Silver-gilt tankard from the Salgó collection
Metropolitan Museum of Art, 2010.110.6


Somewhat later is one of my favorite pieces from the Salgó-collection, a spice canister from 1681, commissioned by Michael Teleki, chancellor of Mihály Apafi, Prince of Transylvania. Once again the image below is from the 1996 catalog - a brief description is given by the Metropolitan Museum collection database.

Spice canister from the Salgó collection
Metropolitan Museum, 2010.110.39

There is a lot more in the collection. I will give an update here, once more images will be added to the collection database of the museum.
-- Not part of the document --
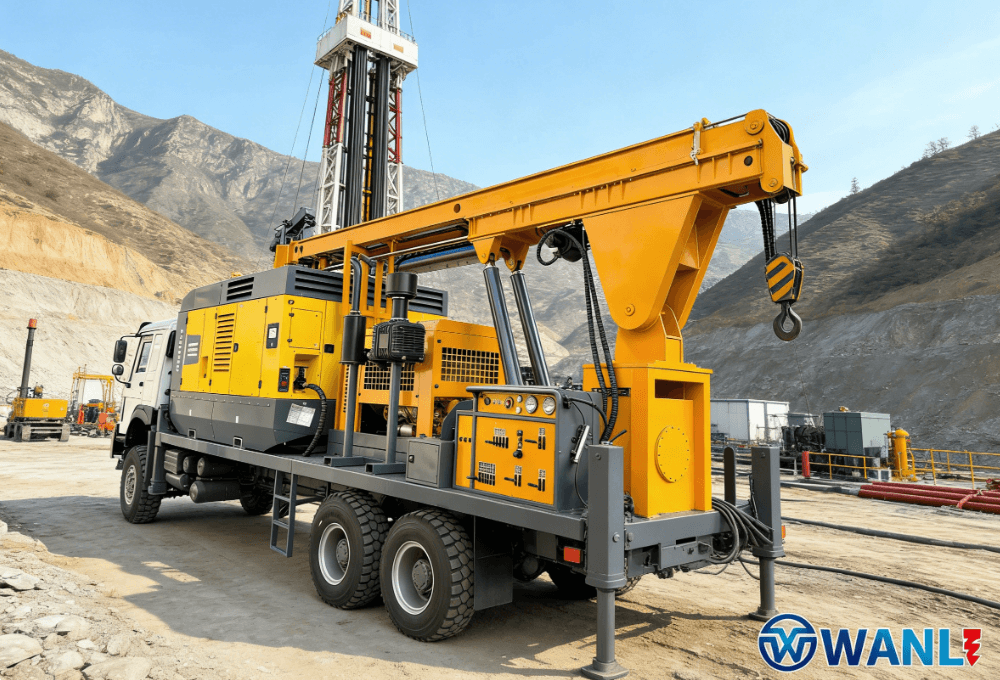 land drilling rig-1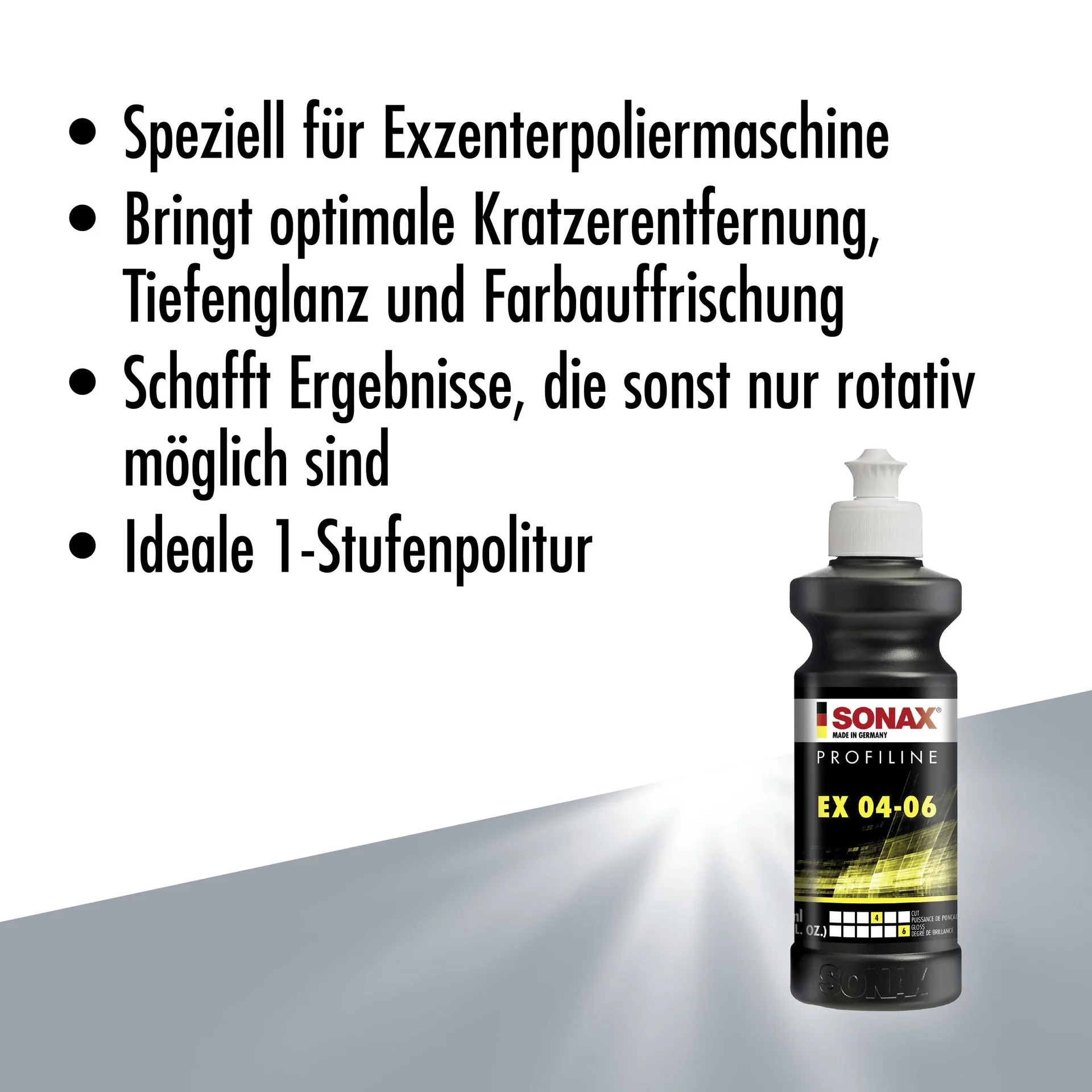 PROFILINE EX 04-06 250 ml - 6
Saturday, December 11, 2010

Hungarian goldsmith objects enter the Metropolitan Museum

Chalice with filigree enamel
Hungary, 1462
Metropolitan Museum of Art 

One of the most important collection of Hungarian goldsmith works outside Hungary was assembled by financier Nicolas M. Salgó, former US ambassador in Budapest. Salgó collected all kinds of Hungarian art; his painting collection was donated to the Zimmerli Art Museum at Rutgers in 2006, as you can read here.

Most important, however, is his collection of Hungarian silver, which was cataloged by an expert from the Hungarian National Museum, Judit H. Kolba. The handsome English-language catalog was first published in 1996, and is still in print (Hungarian Silver: The Nicolas M. Salgo Collection. London, 1996): see here.

The collection includes two superb medieval chalices from Hungary, both coming from the Viennese collection of Nathaniel Rothschild. One of them, dating from 1462, can bee seen on the left. Both chalices are decorated with filigree enamel, a technique which came to prominence at the Hungarian court of King Sigismund during 1420s.



In 2010, much of the collection entered the Metropolitan Museum of art, as "Gift of The Salgo Trust for Education, New York, in memory of Nicolas M. Salgo". No press release has been issued about the transfer of the objects, but most objects already appear in the collection database. 83 objects are listed in the collection of the department of European Sculpture and Decorative Arts. If you go to the main search page of the museum, entering "Salgo" will provide you with the full list of these - although not all objects are illustrated at this stage. You can find beautiful objects here, such as this 17th century coconut cup seen on the right.